La mayoría de las personas tienen el mal hábito de caminar por la vida con los sueños que quieren alcanzar como su enfoque. Confieso que no me gusta destacar mis sueños, aunque, por supuesto, los tengo.

Me explico: los sueños son objetivos, metas, destinos, líneas de llegada. Si sobrevaloro el sueño, es decir, lo que espero que ocurra en el futuro, no valoro todo lo que puedo experimentar en el camino. Y la realidad es que no vivimos sólo para "llegar", vivimos para experimentar la suma de todos los instantes que componen el viaje hasta llegar a la meta.

Ser infeliz porque nuestros sueños no se han hecho realidad es dejar de disfrutar del grandioso paisaje de la escalada sólo porque aún no hemos llegado a la cima de la montaña. Pero... ¡la cumbre no lo es todo! Cada etapa superada es una victoria, una delicia, una gota de felicidad. Si el sueño es tener un hijo, no desprecies las alegrías de los nueve meses de embarazo.

Si el sueño es tener el trabajo, no desprecies el aprendizaje del proceso para conseguirlo. Si el sueño es el matrimonio, no desprecies todo lo bueno que proporciona la soltería antes de caminar hacia el altar. En resumen: deja de poner tanto énfasis en el sueño y empieza a valorar el viaje que te lleva al sueño.

Es saludable tener objetivos y querer "llegar". Nuestro error es pensar que la alegría y el propósito de la vida residen en ver nuestros sueños hechos realidad. En absoluto. Jesús nos enseñó que a cada día basta su propio mal, es decir, cada día tiene su propio enfoque, valor y propósito.
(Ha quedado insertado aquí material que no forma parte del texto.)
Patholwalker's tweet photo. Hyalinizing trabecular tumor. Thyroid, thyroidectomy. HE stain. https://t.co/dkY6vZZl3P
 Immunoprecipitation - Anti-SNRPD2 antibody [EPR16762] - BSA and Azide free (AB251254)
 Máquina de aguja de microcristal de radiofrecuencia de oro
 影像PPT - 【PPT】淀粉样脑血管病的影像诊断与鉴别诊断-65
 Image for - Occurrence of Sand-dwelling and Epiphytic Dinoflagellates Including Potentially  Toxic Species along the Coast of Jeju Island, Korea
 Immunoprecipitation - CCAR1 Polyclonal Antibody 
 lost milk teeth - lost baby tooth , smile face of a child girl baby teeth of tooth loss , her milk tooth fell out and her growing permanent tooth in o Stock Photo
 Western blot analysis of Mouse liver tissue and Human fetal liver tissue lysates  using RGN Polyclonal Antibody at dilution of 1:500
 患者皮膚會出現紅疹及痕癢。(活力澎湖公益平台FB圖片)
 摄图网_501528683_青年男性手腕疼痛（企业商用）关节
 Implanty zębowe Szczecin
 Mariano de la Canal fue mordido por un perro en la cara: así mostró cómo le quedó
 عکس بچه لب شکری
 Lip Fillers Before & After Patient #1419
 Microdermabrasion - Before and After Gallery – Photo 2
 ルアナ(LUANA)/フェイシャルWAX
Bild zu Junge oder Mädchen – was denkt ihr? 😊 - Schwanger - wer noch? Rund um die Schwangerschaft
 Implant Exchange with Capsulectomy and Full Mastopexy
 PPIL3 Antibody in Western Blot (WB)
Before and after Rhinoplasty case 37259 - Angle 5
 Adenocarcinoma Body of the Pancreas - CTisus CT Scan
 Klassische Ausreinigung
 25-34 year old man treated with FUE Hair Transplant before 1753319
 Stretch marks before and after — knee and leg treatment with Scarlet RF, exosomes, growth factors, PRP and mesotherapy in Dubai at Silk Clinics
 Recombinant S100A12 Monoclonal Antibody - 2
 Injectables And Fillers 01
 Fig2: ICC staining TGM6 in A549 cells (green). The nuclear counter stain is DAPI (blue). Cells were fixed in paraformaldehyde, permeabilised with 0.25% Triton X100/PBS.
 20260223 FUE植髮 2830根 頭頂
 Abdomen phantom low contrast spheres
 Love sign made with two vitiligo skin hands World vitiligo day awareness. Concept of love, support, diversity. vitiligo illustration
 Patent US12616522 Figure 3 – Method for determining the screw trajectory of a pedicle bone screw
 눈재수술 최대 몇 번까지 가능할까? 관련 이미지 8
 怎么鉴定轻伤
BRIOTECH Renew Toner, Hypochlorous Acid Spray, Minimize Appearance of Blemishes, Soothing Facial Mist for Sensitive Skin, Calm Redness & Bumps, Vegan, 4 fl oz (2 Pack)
La felicidad está en la suma de todos los pequeños y aparentemente insignificantes momentos que juntos nos llevan a la realización, o no, de nuestros sueños.

Al fin y al cabo, esta suma de momentos tristes y alegres, de victorias y derrotas, de lágrimas y sonrisas es lo que conforma este maravilloso regalo que Dios nos hizo, llamado... vida.